No Brasil (e talvez em muitas partes do mundo), ainda se insiste em combater o mal e não a causa. Nessa vã luta, jamais irão conseguir qualquer melhora. Se me permitem um pequeno parêntesis fora do assunto, diria que, enquanto não se mudar a consciência do povo através da Educação, jamais qualquer plano, sonho ou projeto dirigido à Natureza e à justiça social, terá sucesso. Todos os nossos problemas são, em última análise, culturais. Faça uma pessoa entender e acreditar o que significa a Natureza para os seres humanos, e essa pessoa não a destruirá mais.

Quando os “habitantes da Amazônia” acreditarem que se é possível ganhar mais com o turismo do que com a venda de madeira, talvez resolvam mudar a estratégia. A Amazônia, se fosse um país independente, seria o sexto do mundo em tamanho e o primeiro em riquezas naturais. Possui o maior rio em quantidade de água; a maior biodiversidade da Terra…, em suma, é a maior e mais importante riqueza natural do mundo. Em caso de destruição, o mundo ficaria em apuros e pagaria muitas vezes o seu valor para compensar o que ela representa em termos globais de equilíbrio. Mas é preciso que haja honestidade, sinceridade de nossos políticos. E isso está sendo muito difícil. Nossos governantes e os que de fato destroem as florestas em busca de dinheiro, são em última análise, farinha do mesmo saco.

A respeito das palavras iniciais de Renzo Colombo:
A destruição criminosa das maiores reservas florestais ao longo da Belém Brasília, nos últimos anos, deu-se mais por autodefesa dos proprietários do que propriamente por insensatez e desconhecimento. Com a guerra criada entre o MST e a UDR, ambas as partes contaminadas por interesses políticos e por anarquistas que desejam sempre “ver o circo pegar fogo”, nenhum direito, ainda que constitucional, pôde mais ser observado. Como no início do governo FH, a madeira era o ramo de maior rentabilidade da região, parte e outra mantiveram suas atenções para ela. Muitas florestas foram devastadas pelos invasores e hoje não passam de juquirões. Diante da insegurança, quem mantinha reservas, tratou logo de vender as madeiras, a fim de afastar o perigo das invasões e salvar, ao menos, a terra. Assim foi com a MAPISA, com a UNIÃO, com a CIAMA, com áreas da CIKEL (que o digam) e com dezenas de outras.

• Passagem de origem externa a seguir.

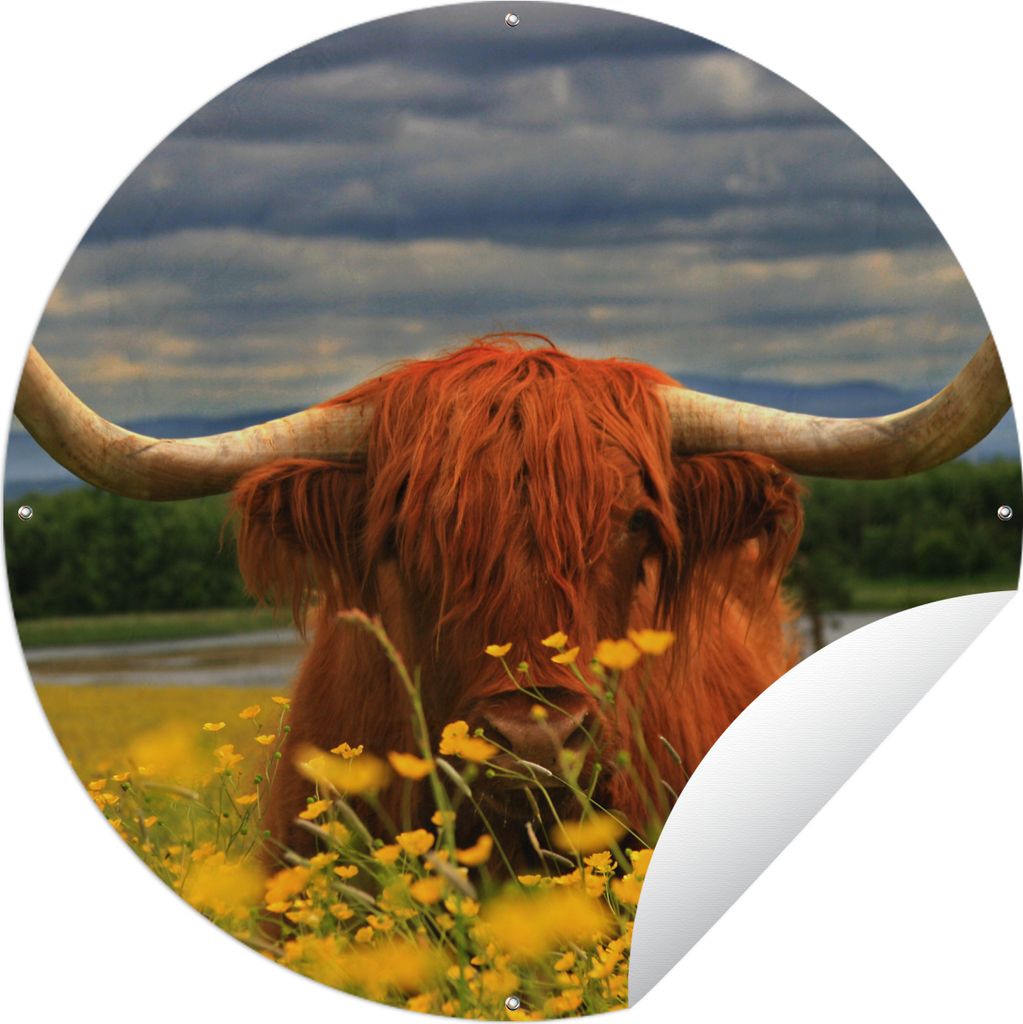 MuchoWow Gartenposter Outdoor-Poster Rund Schottischer Highlander - Tiere - Blumen Ø 120 cm Gartendeko Rundes Poster draußen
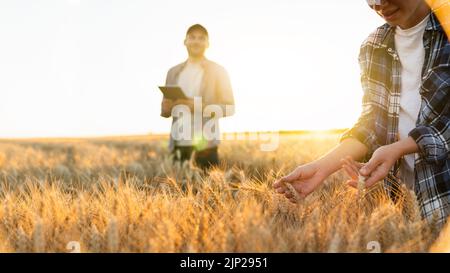 Couple of farmers examines the field of cereals and sends data to the cloud from the tablet. Smart farming and digital agriculture. Stock Photo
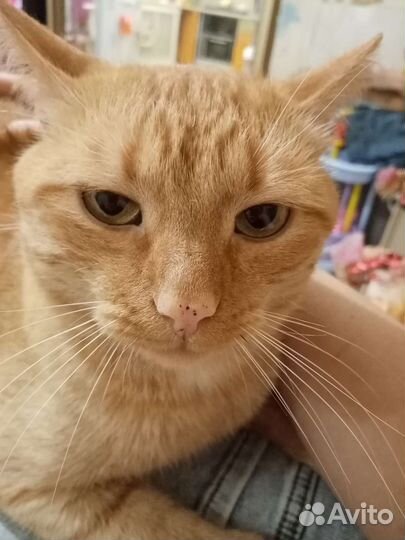 Котята в добрые руки мальчики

Jamais iremos conseguir um lindo jardim em sintonia com uma criação de suínos: haveremos de escolher uma coisa ou outra. Querendo ou não, gostando ou não, sendo justo ou não… nossas florestas terão o mesmo destino das florestas dos países desenvolvidos, mesmo porque, contra a sinceridade de cem há a ganância de mil. Cada homem que nascer, uma árvore irá tombar; um riacho irá perder a cristalinidade de suas águas, mais fumaça manchará o céu…. um pedacinho qualquer da Natureza original terá de ceder seu espaço ao novo e irresponsável inquilino.

Assim será até que se atinja o limite máximo da irresponsabilidade e da falta de juízo, porque a maioria dos homens responsáveis pelos destinos do mundo, não estão nem aí! Os humanos são os seres vivos mais egoístas criados por Deus. Desde de que temos notícias ou registros sobre a vida deles na Terra, as belezas naturais têm-se modificado. Como sempre devaneio, esta Terra é um projeto do Criador, uma experiência evolutiva para ver no que vai dar. E não acredito que Ele esteja satisfeito!